**WHAT YOU WILL DO:** Retyping the entries exactly is all that is required.
####
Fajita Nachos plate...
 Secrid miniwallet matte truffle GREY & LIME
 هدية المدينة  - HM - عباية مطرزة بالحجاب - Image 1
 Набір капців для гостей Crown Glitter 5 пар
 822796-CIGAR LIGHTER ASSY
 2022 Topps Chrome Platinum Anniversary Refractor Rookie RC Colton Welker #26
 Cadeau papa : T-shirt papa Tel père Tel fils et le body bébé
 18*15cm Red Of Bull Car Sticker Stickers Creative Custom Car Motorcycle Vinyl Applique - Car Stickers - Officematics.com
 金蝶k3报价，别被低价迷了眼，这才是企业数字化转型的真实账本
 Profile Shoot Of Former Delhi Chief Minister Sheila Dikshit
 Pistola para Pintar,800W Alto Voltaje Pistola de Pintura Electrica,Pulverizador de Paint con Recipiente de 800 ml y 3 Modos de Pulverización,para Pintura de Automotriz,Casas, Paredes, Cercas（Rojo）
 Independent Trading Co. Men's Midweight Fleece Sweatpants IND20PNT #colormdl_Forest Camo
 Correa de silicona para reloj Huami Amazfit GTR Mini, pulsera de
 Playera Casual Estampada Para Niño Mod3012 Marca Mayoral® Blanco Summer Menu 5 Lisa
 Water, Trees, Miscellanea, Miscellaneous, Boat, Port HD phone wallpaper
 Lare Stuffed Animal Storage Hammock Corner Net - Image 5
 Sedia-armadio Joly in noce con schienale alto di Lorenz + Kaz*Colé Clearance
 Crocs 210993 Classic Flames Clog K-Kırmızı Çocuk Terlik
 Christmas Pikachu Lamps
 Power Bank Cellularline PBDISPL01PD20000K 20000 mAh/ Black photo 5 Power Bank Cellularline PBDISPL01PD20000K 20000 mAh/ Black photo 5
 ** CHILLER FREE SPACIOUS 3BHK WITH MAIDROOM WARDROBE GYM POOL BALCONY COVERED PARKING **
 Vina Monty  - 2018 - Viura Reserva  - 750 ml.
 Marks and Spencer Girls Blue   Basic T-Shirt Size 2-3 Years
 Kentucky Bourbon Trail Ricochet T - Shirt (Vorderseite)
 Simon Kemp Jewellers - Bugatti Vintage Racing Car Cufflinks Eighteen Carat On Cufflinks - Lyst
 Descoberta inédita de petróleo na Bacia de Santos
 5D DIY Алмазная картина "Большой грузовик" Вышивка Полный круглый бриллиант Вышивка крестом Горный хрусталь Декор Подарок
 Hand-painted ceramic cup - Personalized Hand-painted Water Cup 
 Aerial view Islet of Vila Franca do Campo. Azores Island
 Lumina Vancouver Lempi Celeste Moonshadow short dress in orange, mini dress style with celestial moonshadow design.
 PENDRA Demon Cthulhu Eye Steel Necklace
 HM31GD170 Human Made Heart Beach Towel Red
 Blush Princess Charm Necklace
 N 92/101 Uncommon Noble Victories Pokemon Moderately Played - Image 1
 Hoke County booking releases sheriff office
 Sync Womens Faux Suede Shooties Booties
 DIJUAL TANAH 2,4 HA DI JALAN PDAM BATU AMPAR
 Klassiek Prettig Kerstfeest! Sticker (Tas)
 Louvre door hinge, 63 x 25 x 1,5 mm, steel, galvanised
####
**RESULT FOR THIS TASK:**
Fajita Nachos plate...
 Secrid miniwallet matte truffle GREY & LIME
 هدية المدينة  - HM - عباية مطرزة بالحجاب - Image 1
 Набір капців для гостей Crown Glitter 5 пар
 822796-CIGAR LIGHTER ASSY
 2022 Topps Chrome Platinum Anniversary Refractor Rookie RC Colton Welker #26
 Cadeau papa : T-shirt papa Tel père Tel fils et le body bébé
 18*15cm Red Of Bull Car Sticker Stickers Creative Custom Car Motorcycle Vinyl Applique - Car Stickers - Officematics.com
 金蝶k3报价，别被低价迷了眼，这才是企业数字化转型的真实账本
 Profile Shoot Of Former Delhi Chief Minister Sheila Dikshit
 Pistola para Pintar,800W Alto Voltaje Pistola de Pintura Electrica,Pulverizador de Paint con Recipiente de 800 ml y 3 Modos de Pulverización,para Pintura de Automotriz,Casas, Paredes, Cercas（Rojo）
 Independent Trading Co. Men's Midweight Fleece Sweatpants IND20PNT #colormdl_Forest Camo
 Correa de silicona para reloj Huami Amazfit GTR Mini, pulsera de
 Playera Casual Estampada Para Niño Mod3012 Marca Mayoral® Blanco Summer Menu 5 Lisa
 Water, Trees, Miscellanea, Miscellaneous, Boat, Port HD phone wallpaper
 Lare Stuffed Animal Storage Hammock Corner Net - Image 5
 Sedia-armadio Joly in noce con schienale alto di Lorenz + Kaz*Colé Clearance
 Crocs 210993 Classic Flames Clog K-Kırmızı Çocuk Terlik
 Christmas Pikachu Lamps
 Power Bank Cellularline PBDISPL01PD20000K 20000 mAh/ Black photo 5 Power Bank Cellularline PBDISPL01PD20000K 20000 mAh/ Black photo 5
 ** CHILLER FREE SPACIOUS 3BHK WITH MAIDROOM WARDROBE GYM POOL BALCONY COVERED PARKING **
 Vina Monty  - 2018 - Viura Reserva  - 750 ml.
 Marks and Spencer Girls Blue   Basic T-Shirt Size 2-3 Years
 Kentucky Bourbon Trail Ricochet T - Shirt (Vorderseite)
 Simon Kemp Jewellers - Bugatti Vintage Racing Car Cufflinks Eighteen Carat On Cufflinks - Lyst
 Descoberta inédita de petróleo na Bacia de Santos
 5D DIY Алмазная картина "Большой грузовик" Вышивка Полный круглый бриллиант Вышивка крестом Горный хрусталь Декор Подарок
 Hand-painted ceramic cup - Personalized Hand-painted Water Cup 
 Aerial view Islet of Vila Franca do Campo. Azores Island
 Lumina Vancouver Lempi Celeste Moonshadow short dress in orange, mini dress style with celestial moonshadow design.
 PENDRA Demon Cthulhu Eye Steel Necklace
 HM31GD170 Human Made Heart Beach Towel Red
 Blush Princess Charm Necklace
 N 92/101 Uncommon Noble Victories Pokemon Moderately Played - Image 1
 Hoke County booking releases sheriff office
 Sync Womens Faux Suede Shooties Booties
 DIJUAL TANAH 2,4 HA DI JALAN PDAM BATU AMPAR
 Klassiek Prettig Kerstfeest! Sticker (Tas)
 Louvre door hinge, 63 x 25 x 1,5 mm, steel, galvanised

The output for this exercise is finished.